Akrual total sekarang merupakan hal lumrah di literatur managemen laba. Hampir semua penelitian managemen laba menggunakan model berbasis akrual total. Namun, dulu nggak gitu lho.
Waktu Jennifer Jones menyusun papernya “Earnings Management During Import Relief Investigation”, yang kemudian terbit tahun 1991, akrual total justru nggak banyak digunakan. Pada saat itu, penelitian lebih banyak menggunakan perubahan metode akuntansi (e.g. LIFO ke FIFO) dan akrual singel (e.g. cadangan piutang tak tertagih) sebagai indikasi terjadi atau tidak terjadinya managemen laba.
Lantas mengapa Jones menggunakan akrual total?
Ini gara-gara niatan penelitian Jones. Dia ingin meneliti apakah perusahaan yang diuntungkan oleh pembatasan impor akan memanipulasi labanya.
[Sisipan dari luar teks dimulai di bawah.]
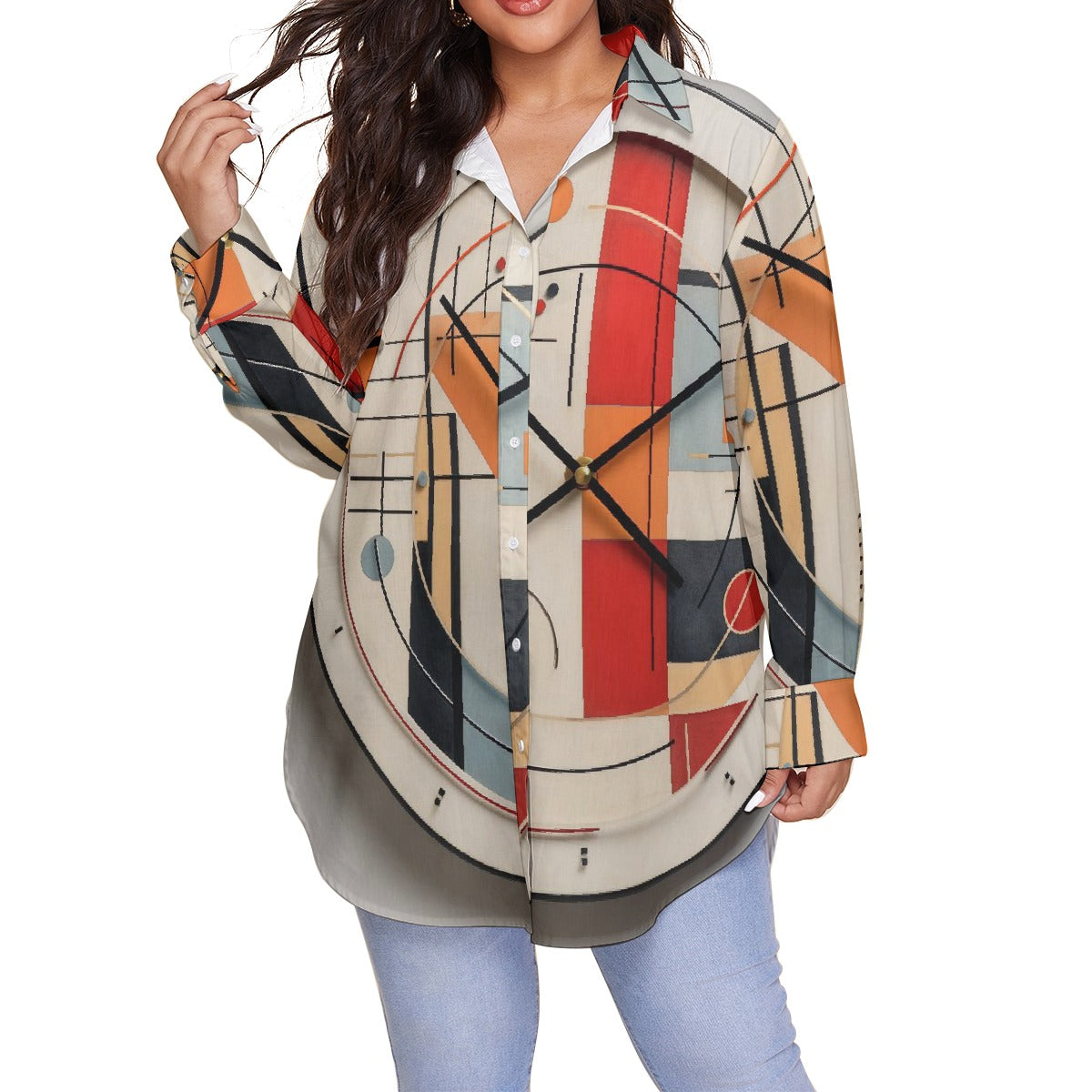 All-Over Print Women's Shirt With Long Sleeve(Plus Size)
Waktu itu, International Trade Commission (ITC) Amerika Serikat ingin cari tau apakah perlu membatasi impor ke negerinya. Kalau memang perlu, ITC bisa meningkatkan tarif atau menurunkan kuota impor sehingga nilai impor ke Amerika berkurang. Hal ini tentu menguntungkan produsen barang dalam negeri Amerika sebab pesaing mereka berkurang dan harga barang akan lebih menguntungkan (konsep permintaan dan penawaran). Tentu adalah wajar bila produsen dalam negeri menginginkan adanya pembatasan impor.
Bagaimana caranya?
Salah satu kriteria ITC untuk membatasi impor adalah profitabilitas industri. Bila laba industri jelek atau menurun karena impor maka ITC mungkin akan mempertimbangkan pembatasan impor. Di sini, perusahaan dalam industri tersebut tentu sedikit-banyak terdorong untuk menurunkan labanya atau lebih tepatnya mendeflasi laba mereka (mendeflasi: menurunkan laba secara semu) agar bisa memperoleh pembatasan impor.
Oleh sebab itu, Jones ingin melihat apakah perusahaan yang diuntungkan oleh adanya pembatasan impor melakukan pendeflasian laba.
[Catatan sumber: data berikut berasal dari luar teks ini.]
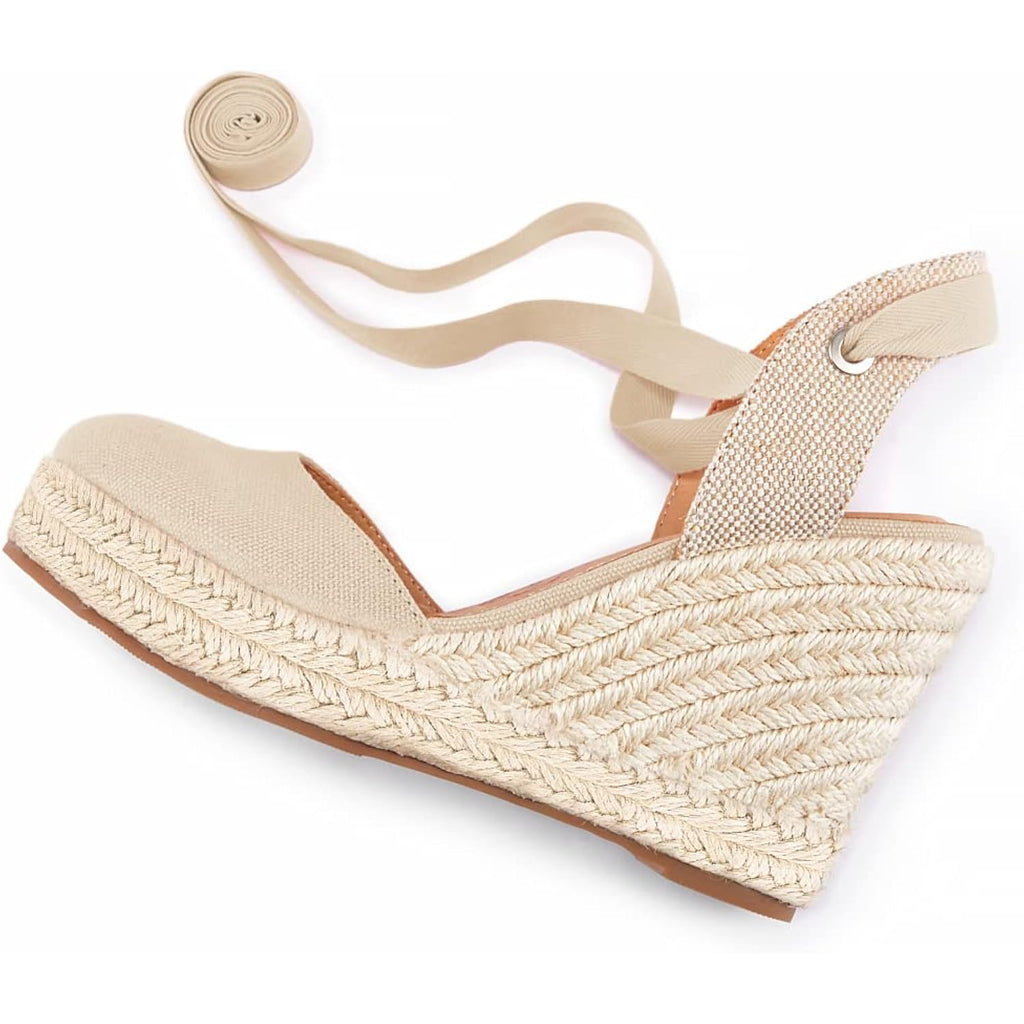 Ermonn Womens Espadrilles Wedge Sandals Platform Closed Toe Ankle Strap Lace Up Summer Shoes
Bila kamu manager salah satu perusahaan tersebut, cara mendeflasi laba apa yang mungkin kamu pakai? Berhubung ITC menggunakan angka laba sebelum pajak maka manager bisa memanfaatkan segala jenis akrual untuk mendeflasi laba mereka. Bisa menggunakan akrual gaji, cadangan piutang tak tertagih, bonus managemen, dan sebagainya. Semua bakal ada dampaknya ke laba.
Makanya, Jones menggunakan akrual total.
Caranya gimana? Kan kita nggak tau jelasnya akrual apa yang dimanipulasi untuk mendeflasi laba? Di sinilah asiknya model yang kemudian bakal terkenal dengan nama Model Jones ini…
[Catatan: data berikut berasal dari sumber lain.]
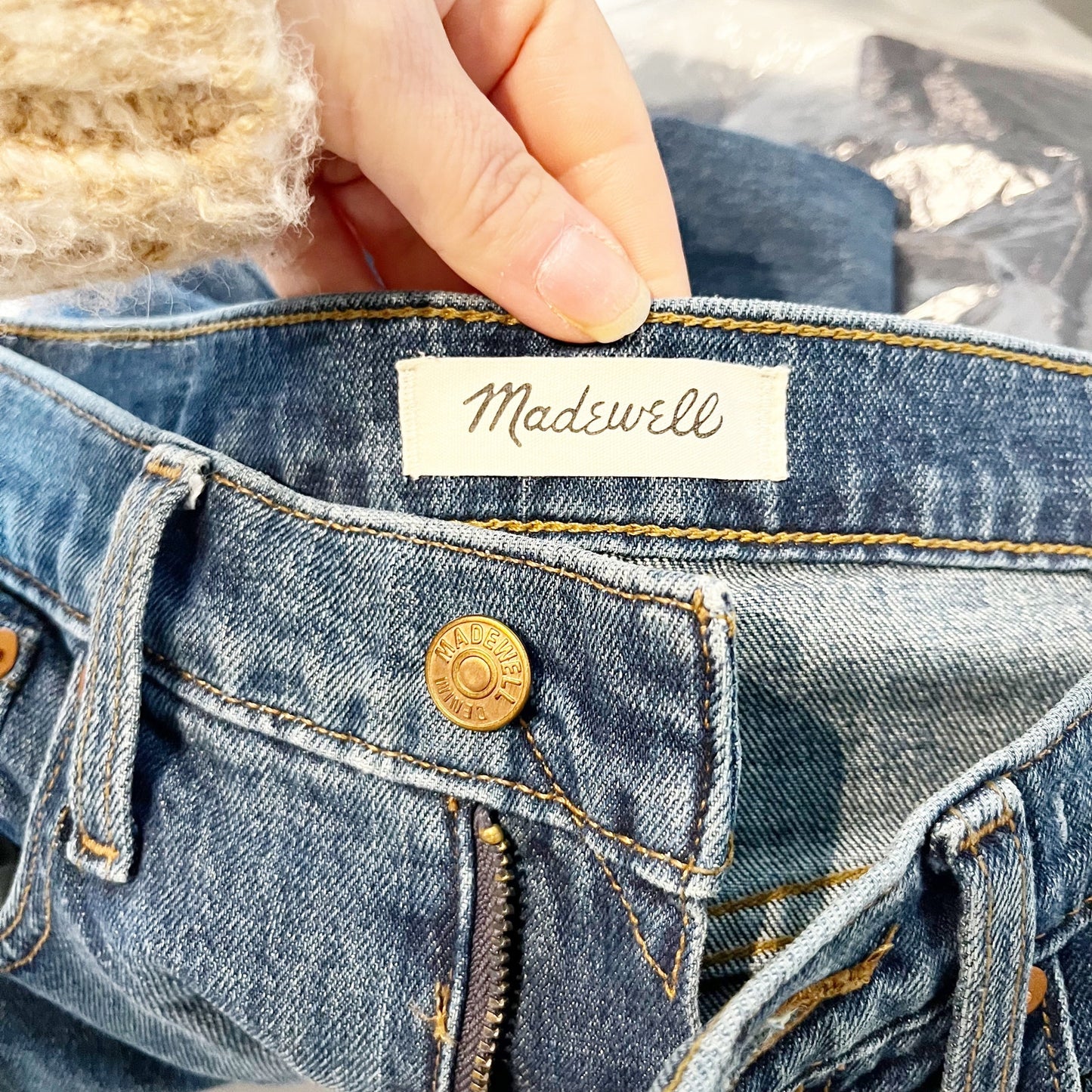 Madewell High Rise Raw Hem Perfect Vintage Jeans Blue 25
Jones mengajak kita melihat pola akrual perusahaan-perusahaan tersebut.
Asumsinya, manager dan perusahaan kan nggak setiap saat juga memanipulasi laba. Soalnya managemen laba kan perlu usaha (effort) juga yah. Lagian kalau nggak ada untungnya trus buat apa? Oleh karenanya, kebanyakan laporan keuangan itu sebenarnya tidak dimanipulasi alias normal. Hanya dalam kondisi tertentu aja perusahaan melakukan managemen laba. Lagi pengen pembatasan impor misalnya. Logikanya, ini berakibat pada berubahnya pola akrual saat perusahaan terdorong untuk memanipulasi laba. Perubahan pola inilah yang hendak dilihat Jones. Bagaimana caranya?
Jones mengestimasi akrual normal, yang ia sebut nondiskresioner, dengan mengembangkan suatu model spesifik-perusahaan. Model ini mempertimbangkan terjadinya perubahan akrual akibat adanya perubahan kondisi perekonomian. Misalnya, bila perekonomian bagus maka penjualan cenderung naik dan, konsekuensinya, piutang penjualan akan cenderung naik juga. Itu kenapa kita melihat variabel pendapatan, piutang, dan aset tetap di dalamnya, sebab mereka juga mencerminkan perubahaan perekonomian. Model inilah yang kemudian kita kenal sebagai Model Jones.
Menarik ya ceritanya? Lanjutannya bisa kalian baca di paper Jennifer J. Jones (1991), “Earnings Management during Import Relief Investigation.”
wah bagus banget pembahasan nya, bahasa nya enak jadi gampang paham, terimakasih ya:D
kebetulan skripsi saya ada sangkut paut nya sama audit dan akrual diskresioner model jones, jadi dapet insight.